Your task> Exact repetition of a range: find the line containing "Global Soundproofing And" and the line containing "MLB STITCHES 워싱턴내셔널스 웜업풀오버자켓 M(해외) 상품이미지4" in the material below, then repeat both and all lines between them, leaving pictures out.

Provided data>
-=-=-=-=-

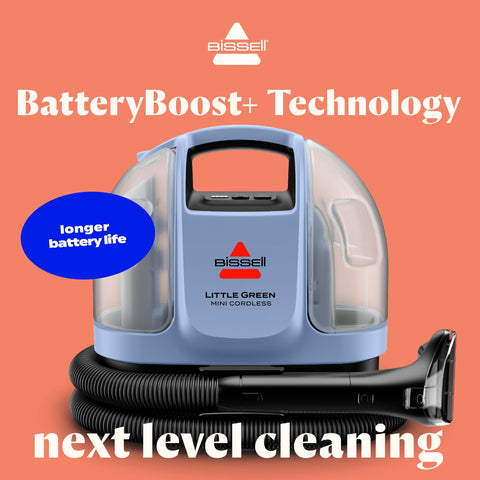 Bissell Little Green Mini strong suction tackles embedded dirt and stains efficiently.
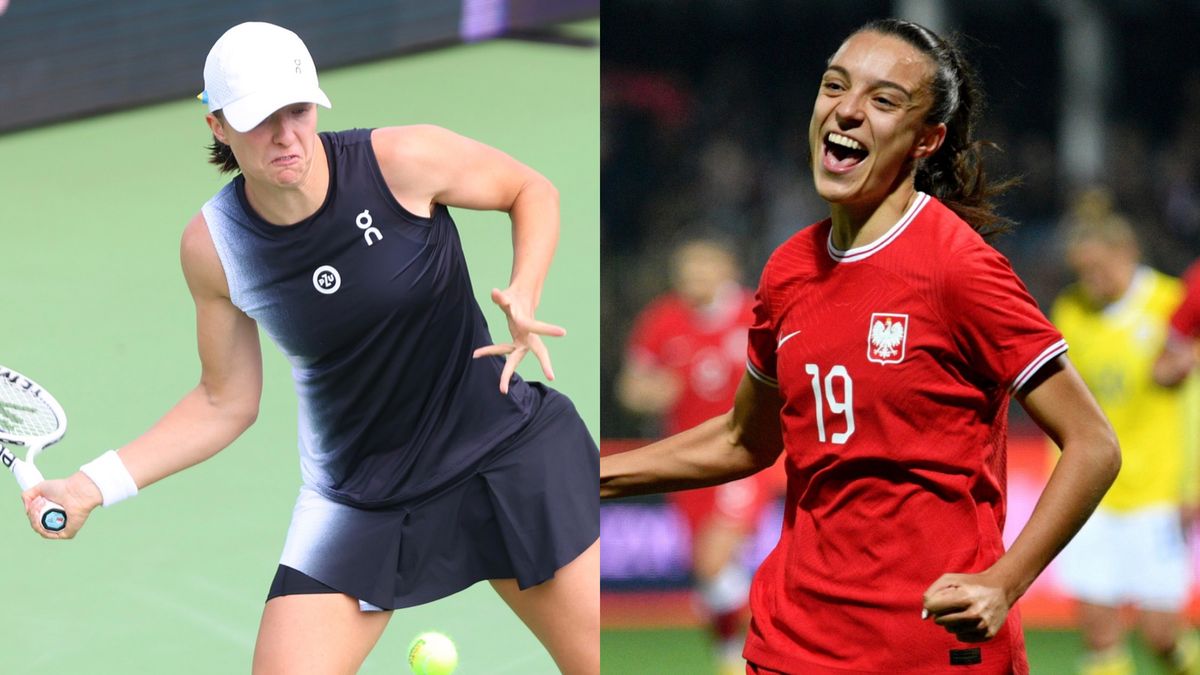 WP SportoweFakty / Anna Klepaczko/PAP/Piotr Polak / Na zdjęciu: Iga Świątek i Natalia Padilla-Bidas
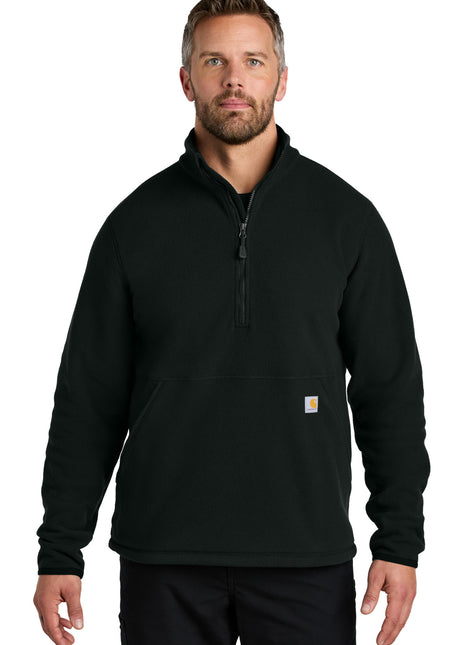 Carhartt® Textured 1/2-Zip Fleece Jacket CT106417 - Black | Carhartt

-=-=-=-=-

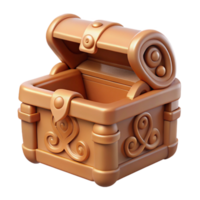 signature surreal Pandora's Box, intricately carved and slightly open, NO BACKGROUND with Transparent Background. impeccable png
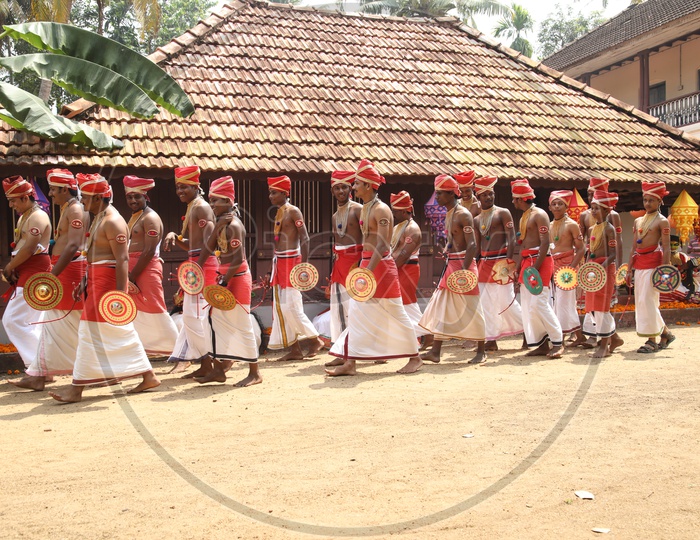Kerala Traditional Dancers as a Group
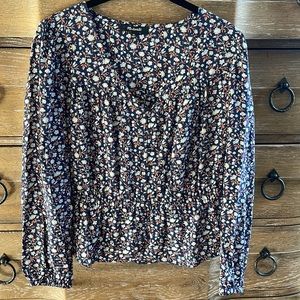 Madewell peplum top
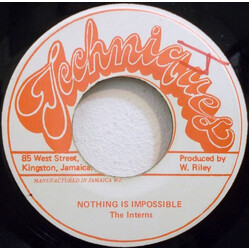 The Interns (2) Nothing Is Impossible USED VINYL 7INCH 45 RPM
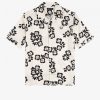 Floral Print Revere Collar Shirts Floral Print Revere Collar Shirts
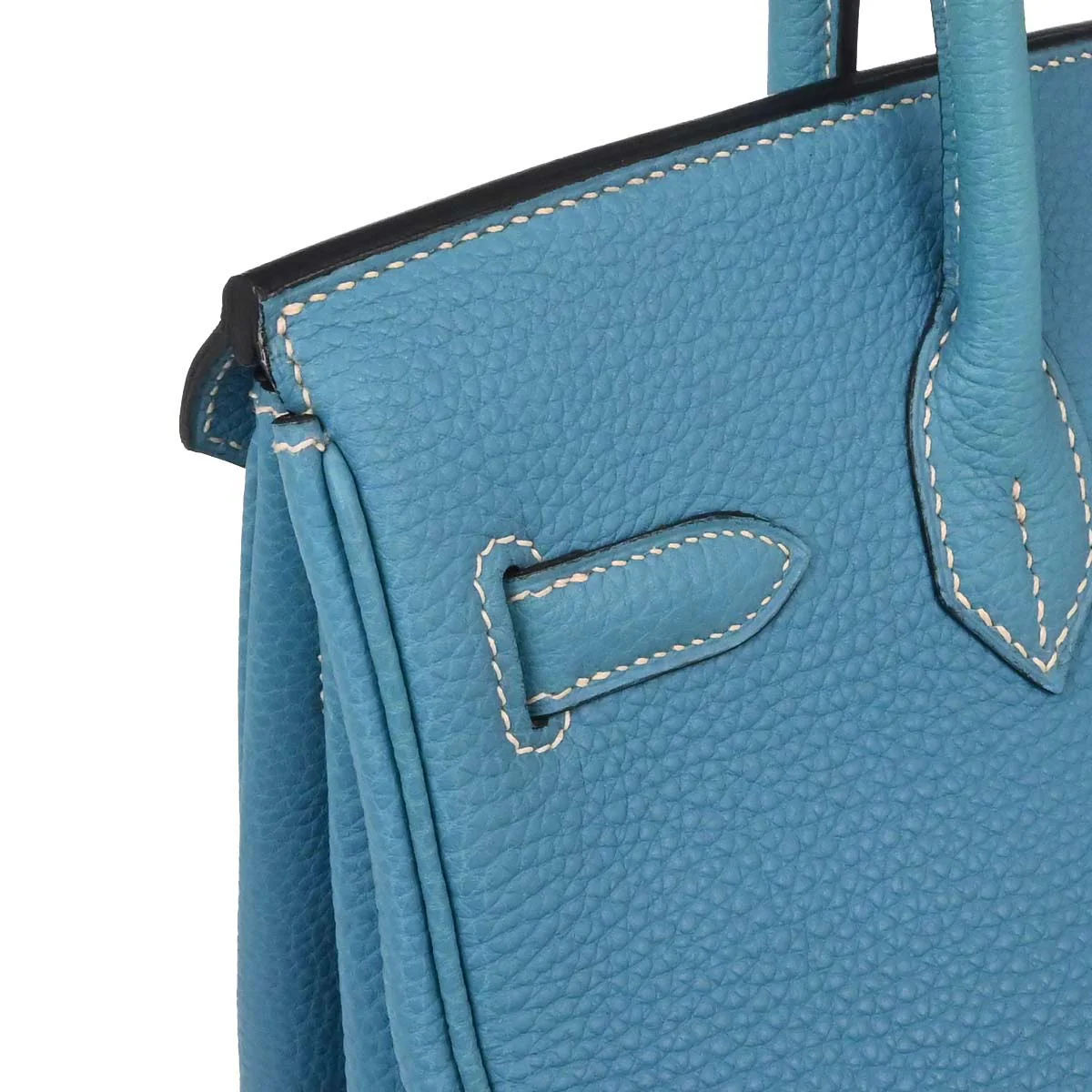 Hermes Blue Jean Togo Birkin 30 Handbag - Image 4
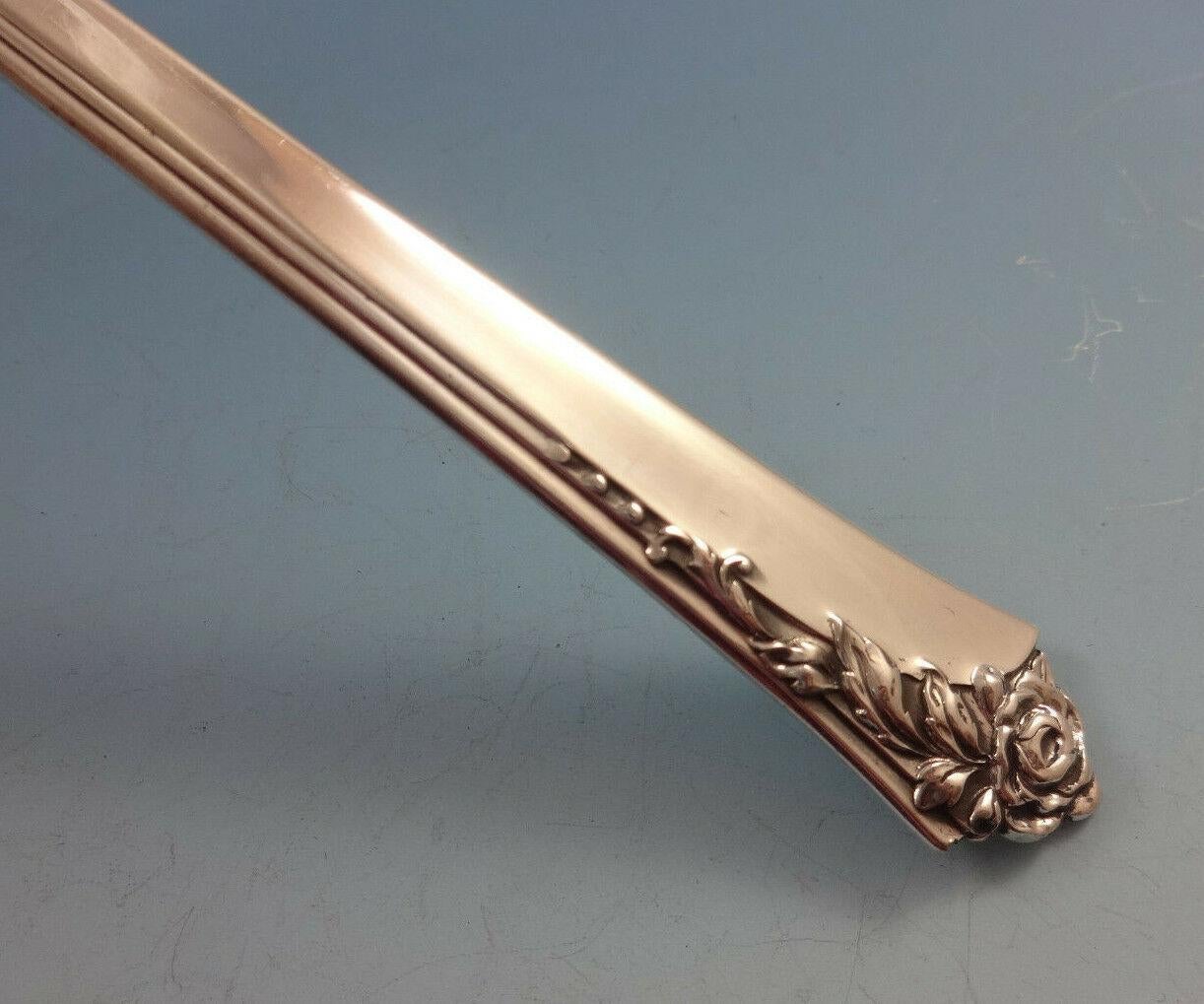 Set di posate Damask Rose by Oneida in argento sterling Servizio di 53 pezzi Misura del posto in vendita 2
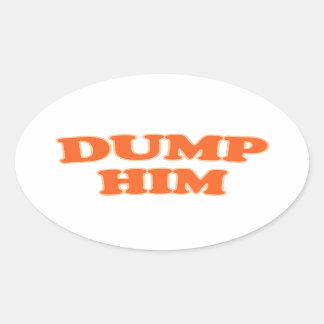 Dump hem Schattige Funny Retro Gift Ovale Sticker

-=-=-=-=-

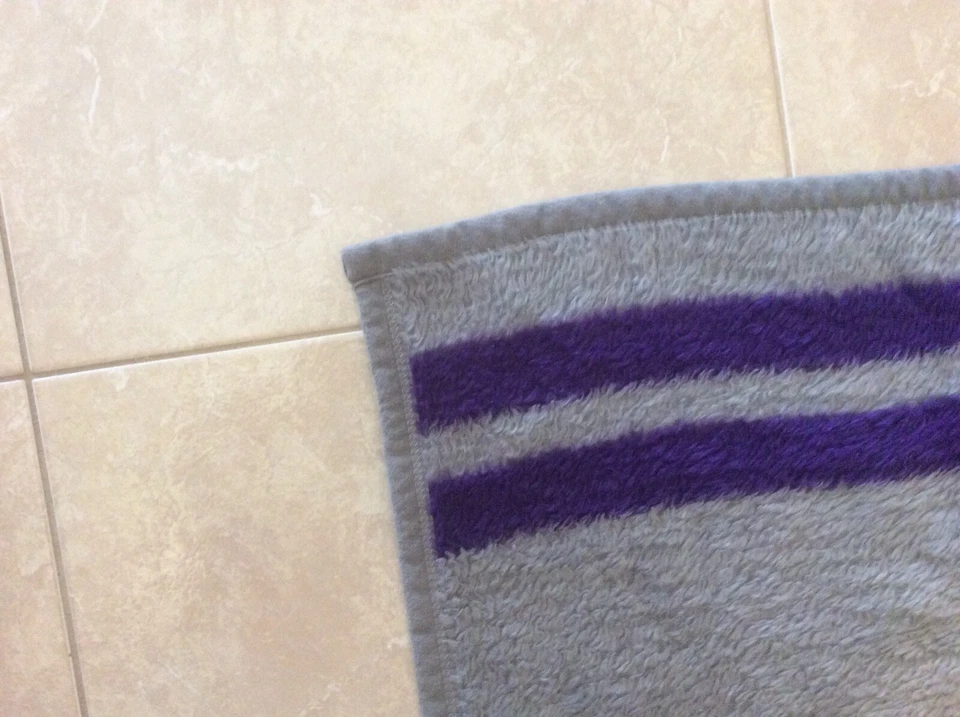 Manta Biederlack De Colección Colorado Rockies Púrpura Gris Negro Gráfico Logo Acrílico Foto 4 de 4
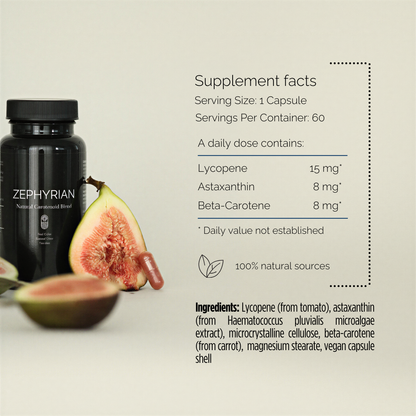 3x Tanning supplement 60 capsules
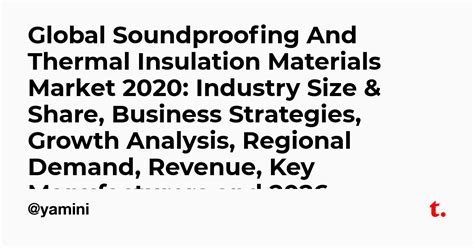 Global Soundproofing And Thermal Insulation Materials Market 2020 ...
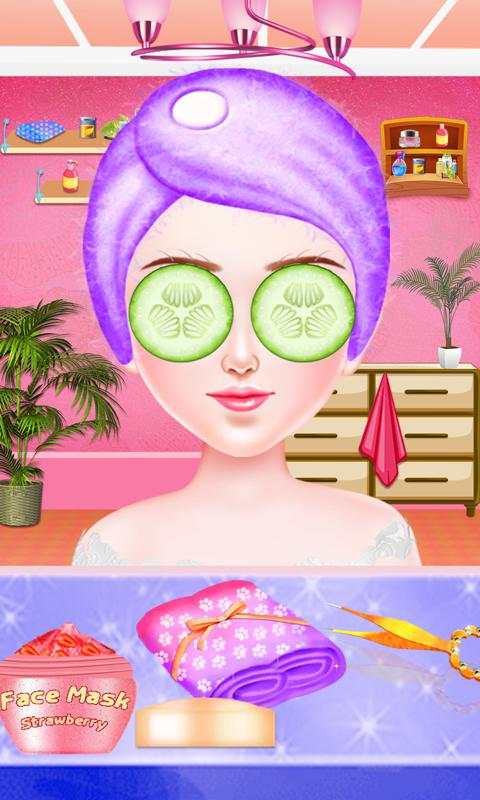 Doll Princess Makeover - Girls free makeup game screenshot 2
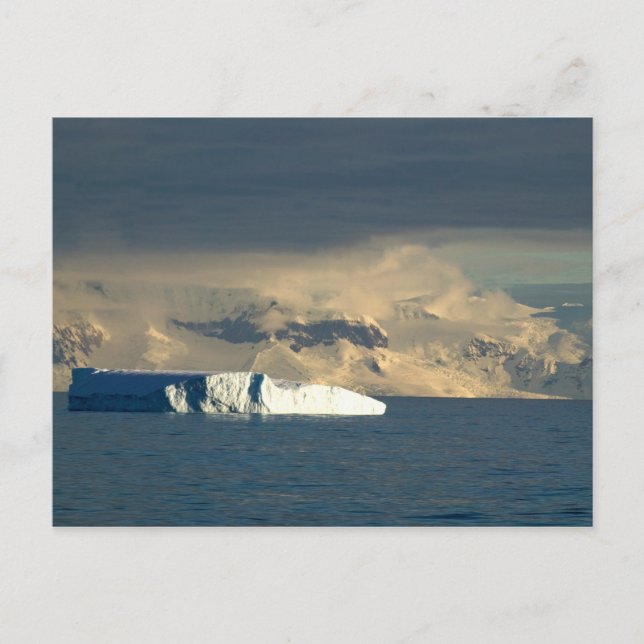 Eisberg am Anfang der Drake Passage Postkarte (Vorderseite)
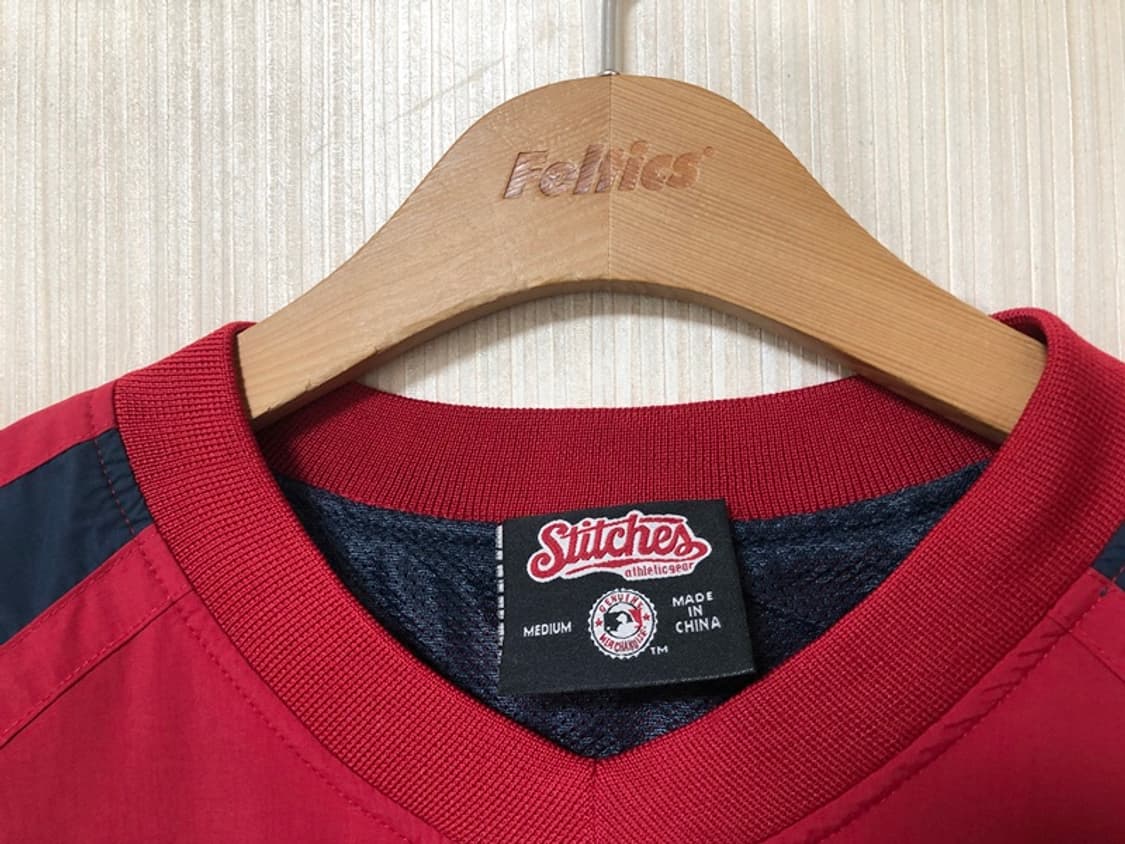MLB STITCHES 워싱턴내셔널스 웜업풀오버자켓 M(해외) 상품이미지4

-=-=-=-=-

Answer space>
 Global Soundproofing And Thermal Insulation Materials Market 2020 ...
 Doll Princess Makeover - Girls free makeup game screenshot 2
 Eisberg am Anfang der Drake Passage Postkarte (Vorderseite)
MLB STITCHES 워싱턴내셔널스 웜업풀오버자켓 M(해외) 상품이미지4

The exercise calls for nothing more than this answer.